5. **For existing jobs**: Use `./cc-backend -apply-tags` to retroactively tag jobs

### Rules Not Matching

1. **Enable debug logging**: Set `loglevel: debug` to see detailed rule evaluation
2. **Check requirements**: Ensure all requirements in the rule are satisfied
3. **Verify metrics exist**: Classification rules require job metrics to be available
4. **Check metric names**: Ensure metric names match those in your cluster configuration

### File Watch Not Working

If changes to configuration files aren't detected:

1. Restart cc-backend to reload all configuration
2. Check filesystem supports file watching (network filesystems may not)
3. Check logs for file watch setup messages

## Best Practices

1. **Start Simple**: Begin with basic rules and refine based on results
2. **Use Requirements**: Filter out irrelevant jobs early with requirements
3. **Test Incrementally**: Add one rule at a time and verify behavior
4. **Document Rules**: Use descriptive names and clear hint messages
5. **Share Parameters**: Define common thresholds in `parameters.json` for consistency
6. **Version Control**: Keep your `var/tagger/` configuration in version control
7. **Backup Before Changes**: Test new rules on a copy before deploying to production

## Examples

### Simple Application Detection

**File: `var/tagger/apps/python.txt`**

```
python
python3
\.py
```

This detects jobs running Python scripts.
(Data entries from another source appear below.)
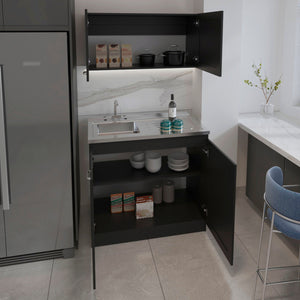English Elm 2-piece Wenge Rectangle Cabinet Set with Spacious Countertops, Flexible Placement & Ample Storage Options B062S00157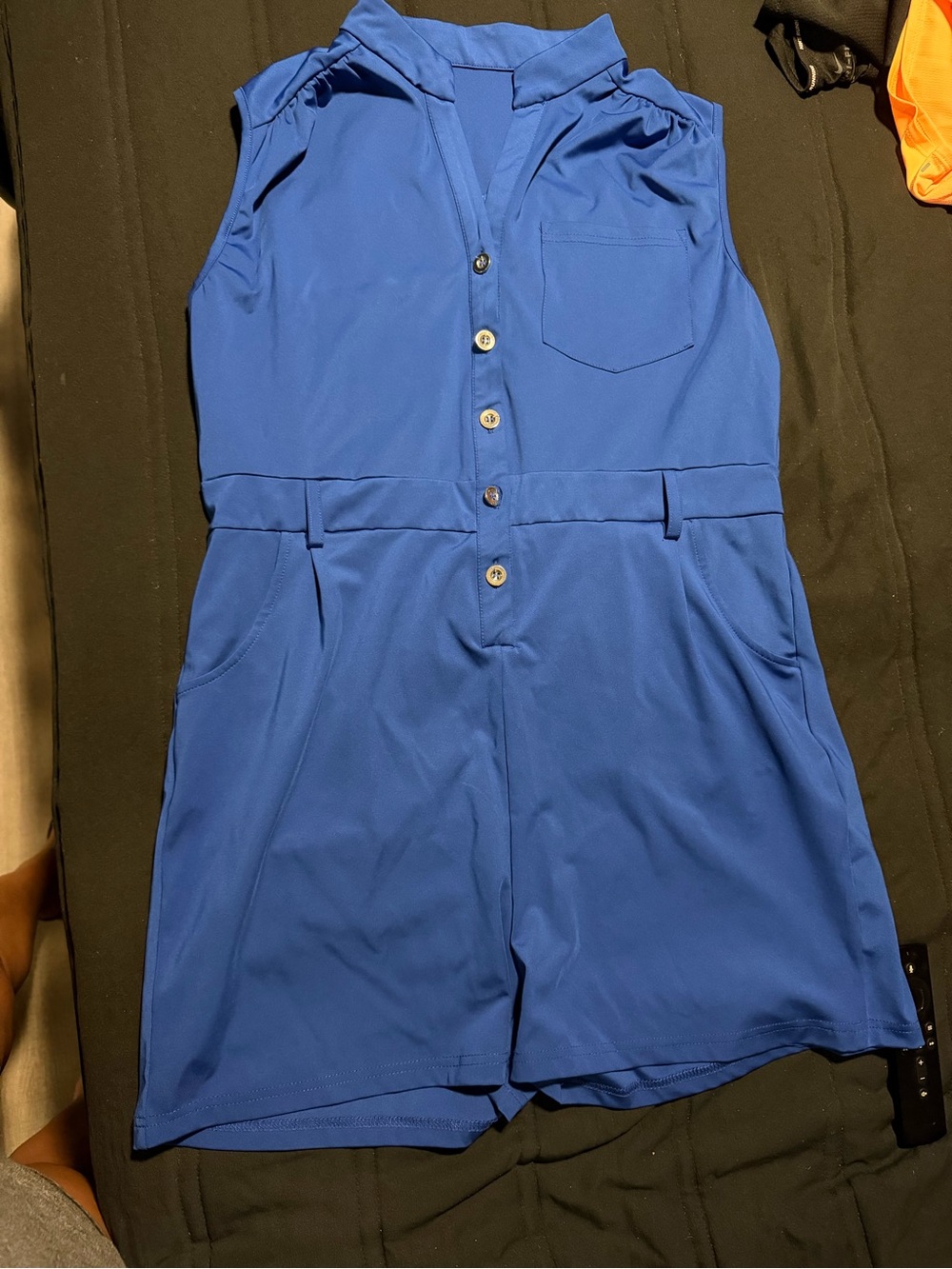 Girls Blue Sleeveless One-Piece Romper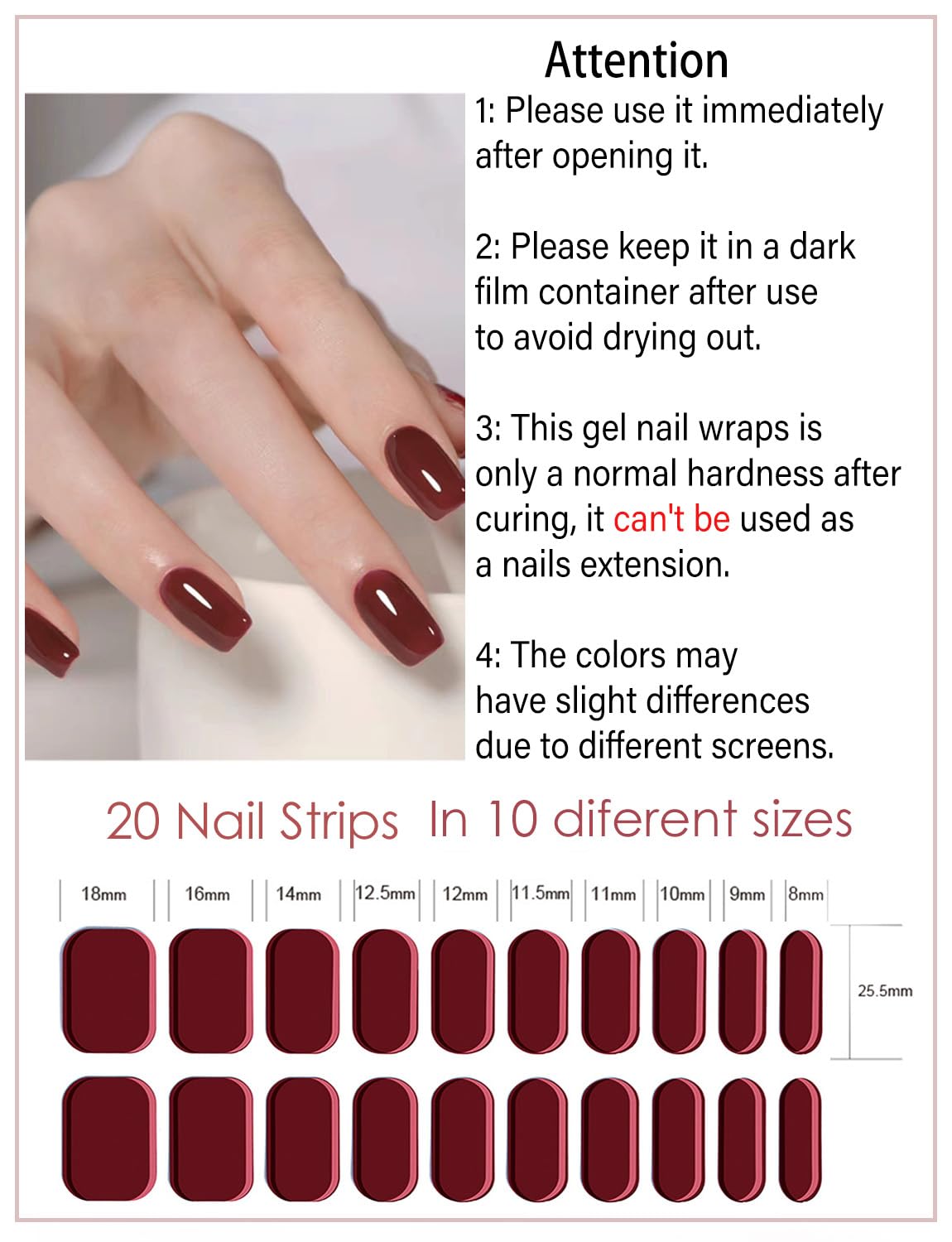 Close up of glossy wine red gel nail wrap application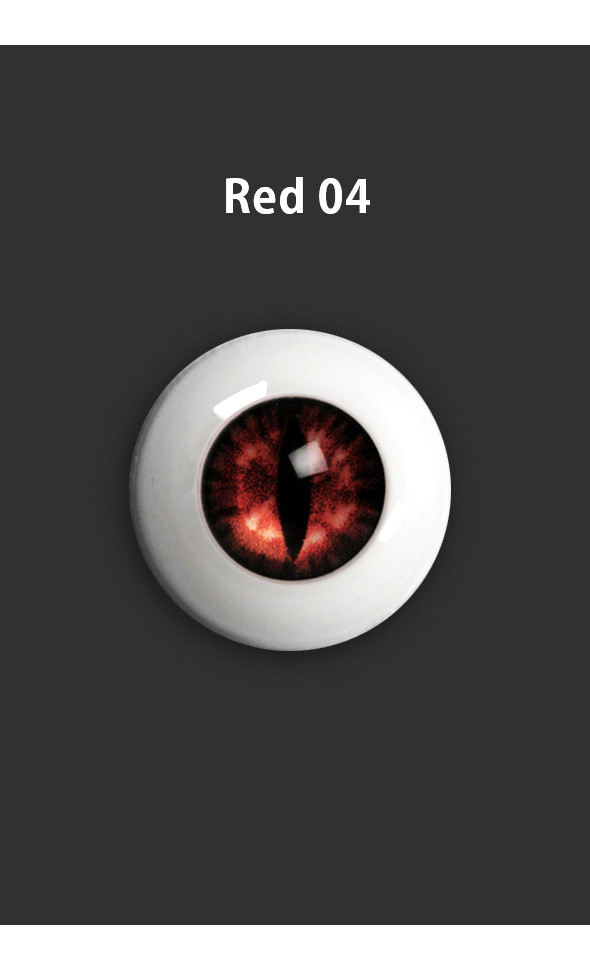 26mm - OMeta Half Round Acrylic Eyes (Red 04)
### Complex Classification Rule

**File: `var/tagger/jobclasses/cpuImbalance.json`**

```json
{
  "name": "CPU Load Imbalance",
  "tag": "cpu_imbalance",
  "parameters": ["core_load_imbalance_threshold_factor"],
  "metrics": ["cpu_load"],
  "requirements": ["job.numCores > 1", "job.duration > 600"],
  "variables": [
    {
      "name": "load_variance",
      "expr": "(cpu_load.max - cpu_load.min) / cpu_load.avg"
    }
  ],
  "rule": "load_variance > core_load_imbalance_threshold_factor",
  "hint": "CPU load varies by {{printf \"%.1f%%\" (load_variance * 100)}} across cores"
}
```

This detects jobs where CPU load is unevenly distributed across cores.

## Reference

### Configuration Options

**Main Configuration (`config.json`)**:

- `enable-job-taggers` (boolean, default: `false`) - Enables automatic job tagging system
  - Must be set to `true` to activate automatic tagging on job start/stop events
  - Does not affect the `-apply-tags` command line option

**Command Line Options**:

- `-apply-tags` - Apply all tagging rules to existing jobs in the database
  - Works independently of `enable-job-taggers` configuration
  - Useful for retroactively tagging jobs or re-evaluating with updated rules

### Default Configuration Location

The example configurations are provided in:

- `configs/tagger/apps/` - Example application patterns (16 applications)
- `configs/tagger/jobclasses/` - Example classification rules (3 rules)

Copy these to `var/tagger/` and customize for your environment.

### Tag Types

- `app` - Application tags (e.g., "vasp", "gromacs")
- `jobClass` - Classification tags (e.g., "lowutilization", "highload")

Tags can be queried and filtered in the ClusterCockpit UI and API.